------ Data excerpt ------

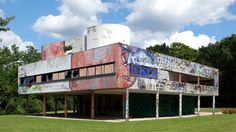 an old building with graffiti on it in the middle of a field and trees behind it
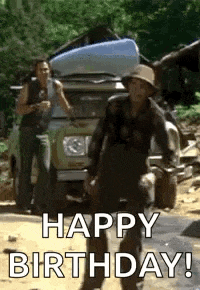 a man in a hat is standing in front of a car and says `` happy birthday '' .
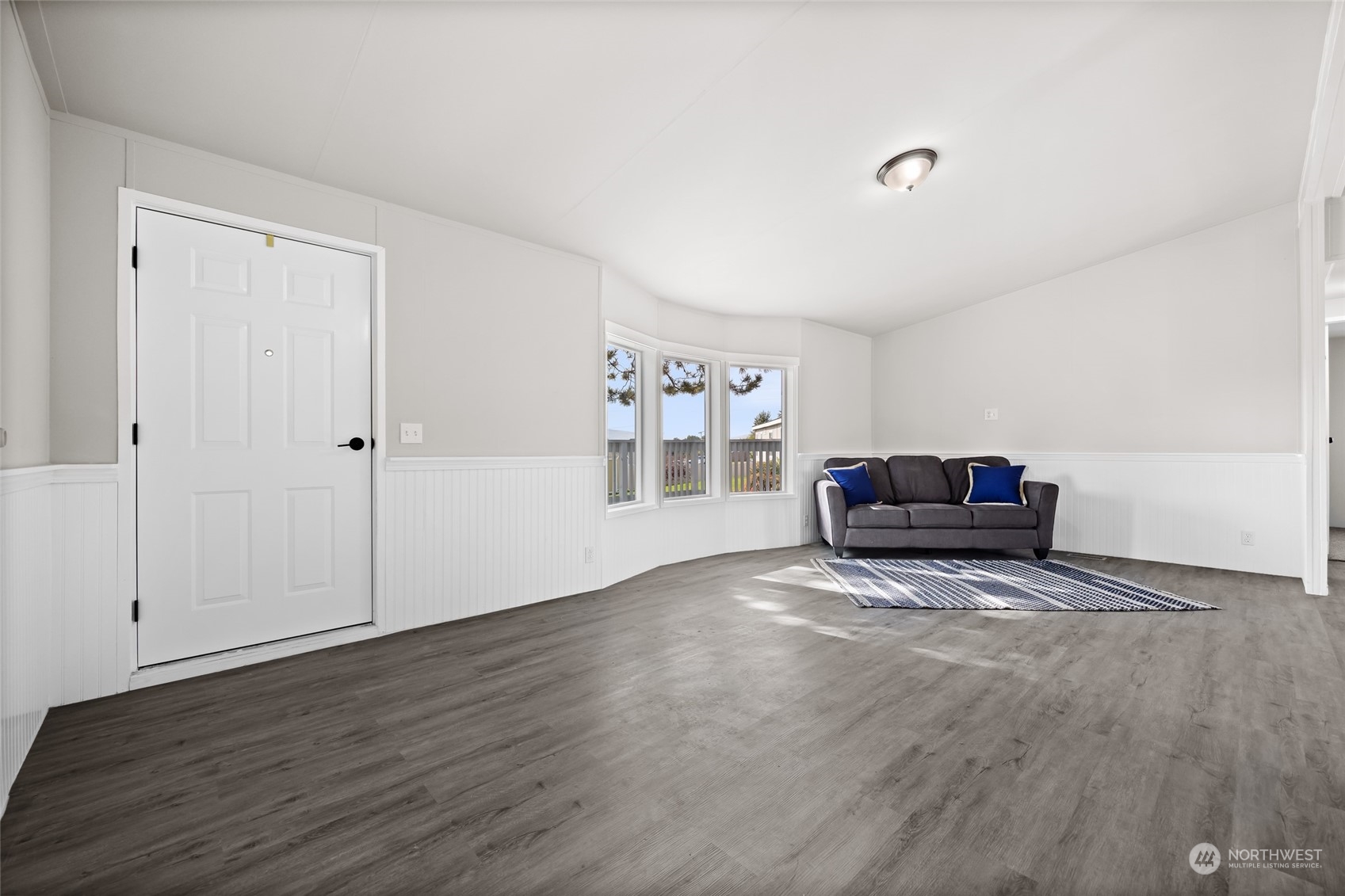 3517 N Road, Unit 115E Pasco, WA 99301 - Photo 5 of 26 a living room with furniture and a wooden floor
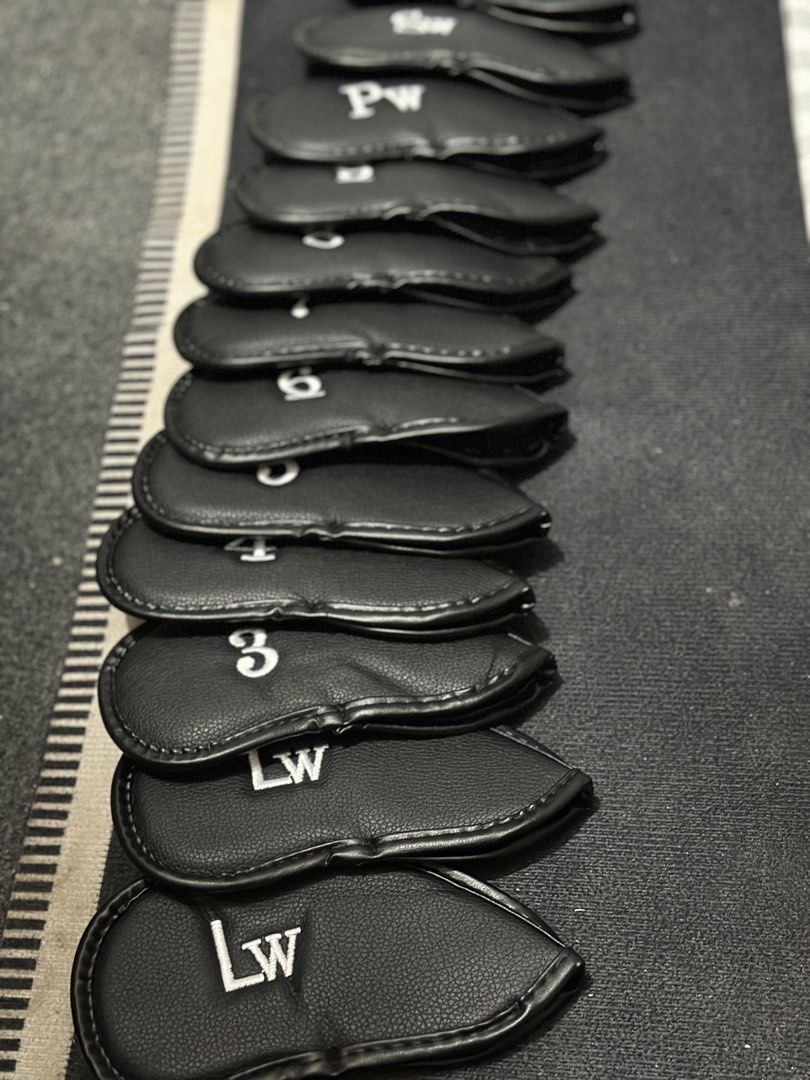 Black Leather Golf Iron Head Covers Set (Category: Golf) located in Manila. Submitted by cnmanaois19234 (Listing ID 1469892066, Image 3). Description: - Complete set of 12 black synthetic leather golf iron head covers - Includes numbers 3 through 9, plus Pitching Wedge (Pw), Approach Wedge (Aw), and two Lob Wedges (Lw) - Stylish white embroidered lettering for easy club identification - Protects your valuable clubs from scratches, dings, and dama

------

- Task to complete
Return, unchanged, the lines from the first line of the material through the line that holds "3517 N Road, Unit", inclusive, omitting pictures.

- Result
 an old building with graffiti on it in the middle of a field and trees behind it
 a man in a hat is standing in front of a car and says `` happy birthday '' .
 3517 N Road, Unit 115E Pasco, WA 99301 - Photo 5 of 26 a living room with furniture and a wooden floor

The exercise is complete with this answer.